Image-caption web data
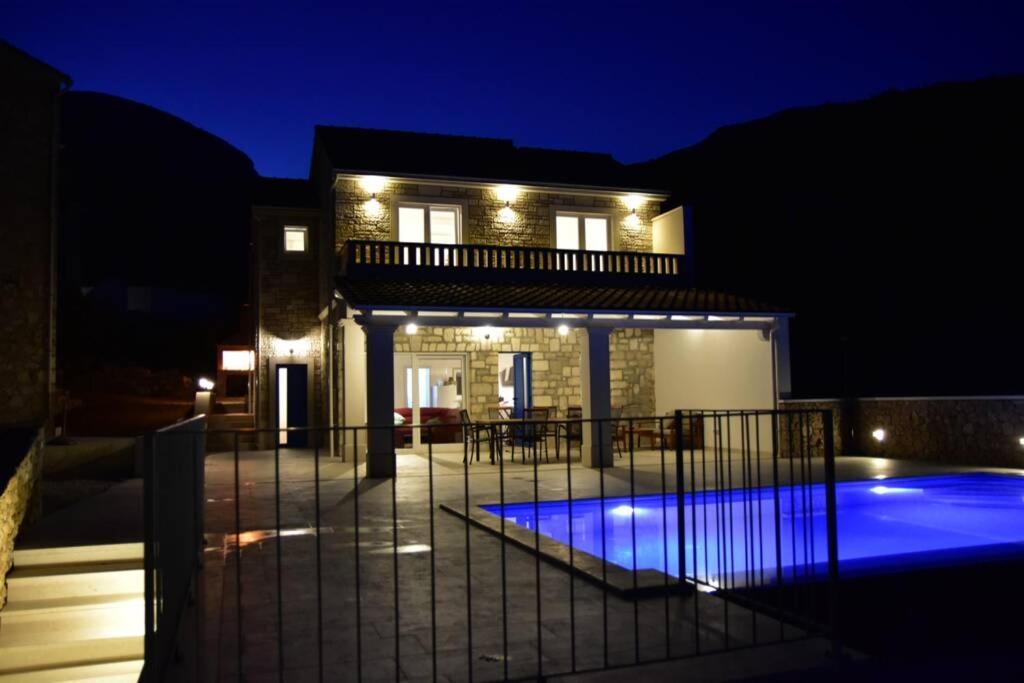 Villa Katarina - Infinity Pool With Amazing View بول المظهر الخارجي الصورة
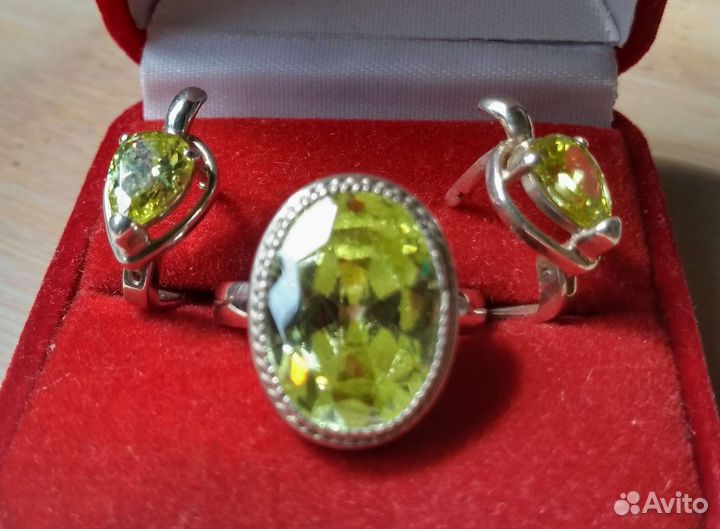 Серебряный гарнитур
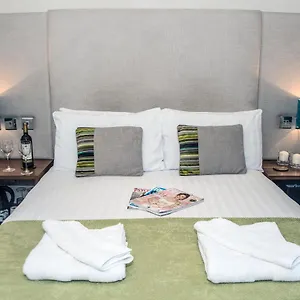  Apartamento Base Serviced - Road Reino Unido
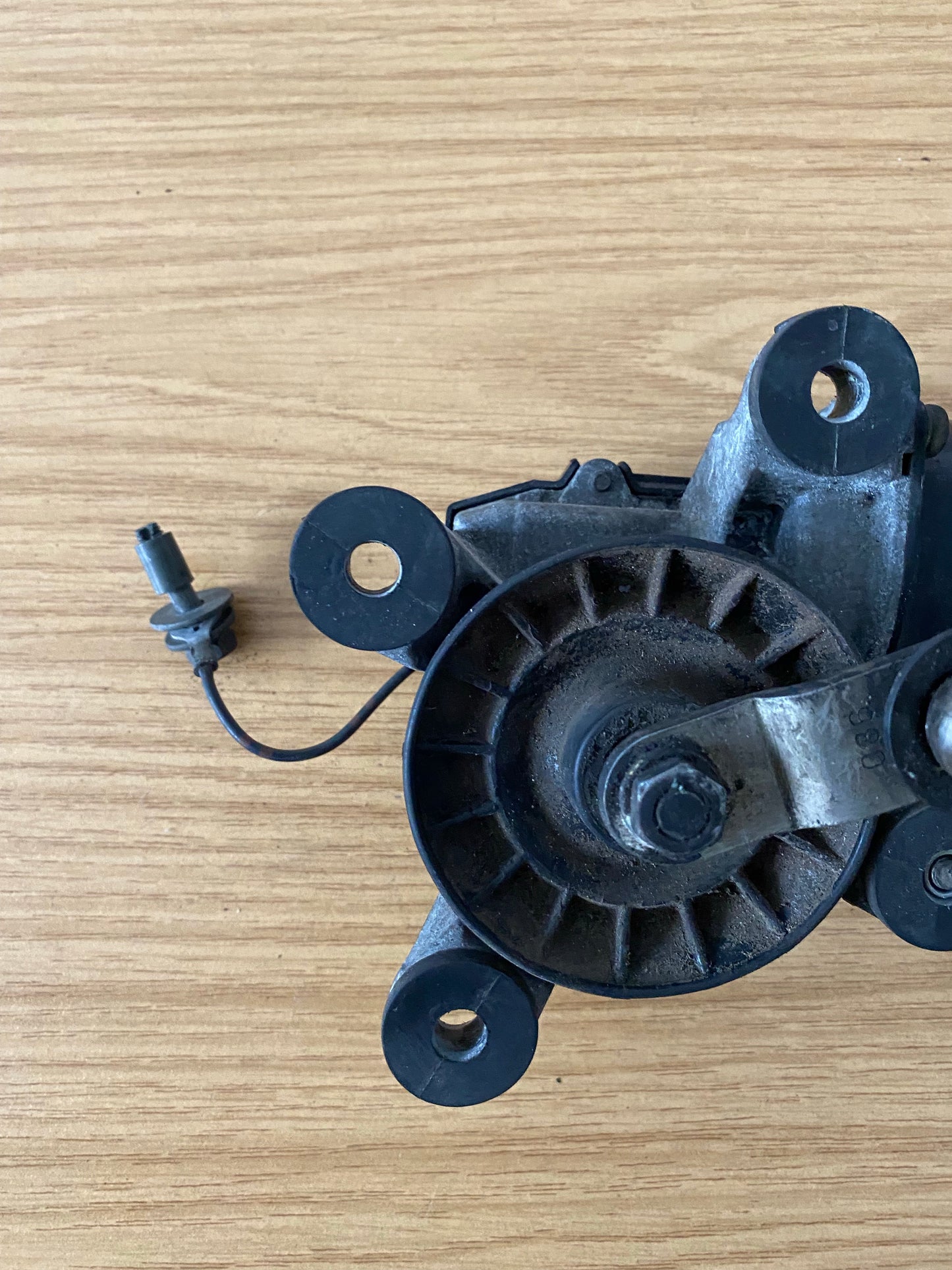 Mitsubishi Lancer Evolution Evo 4 Evo 5 Evo 6 IV V VI Front Wiper Motor (2)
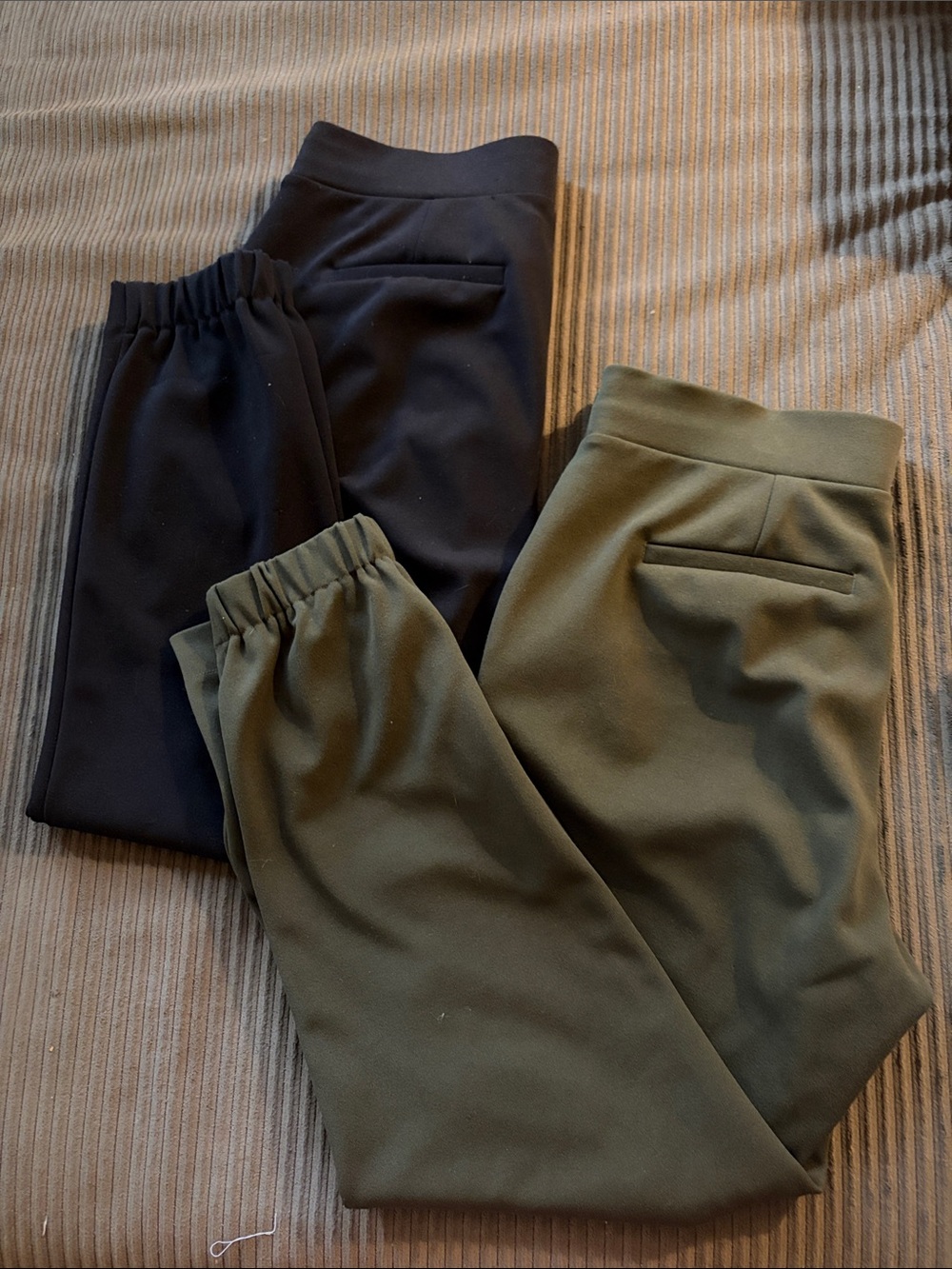 LOFT Pull-On Jogger Pants - Black and Olive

Exercise goal -
Give the entries above again in full and exactly, but not the pictures.

Answer for the task -
 Villa Katarina - Infinity Pool With Amazing View بول المظهر الخارجي الصورة
 Серебряный гарнитур
  Apartamento Base Serviced - Road Reino Unido
 Mitsubishi Lancer Evolution Evo 4 Evo 5 Evo 6 IV V VI Front Wiper Motor (2)
 LOFT Pull-On Jogger Pants - Black and Olive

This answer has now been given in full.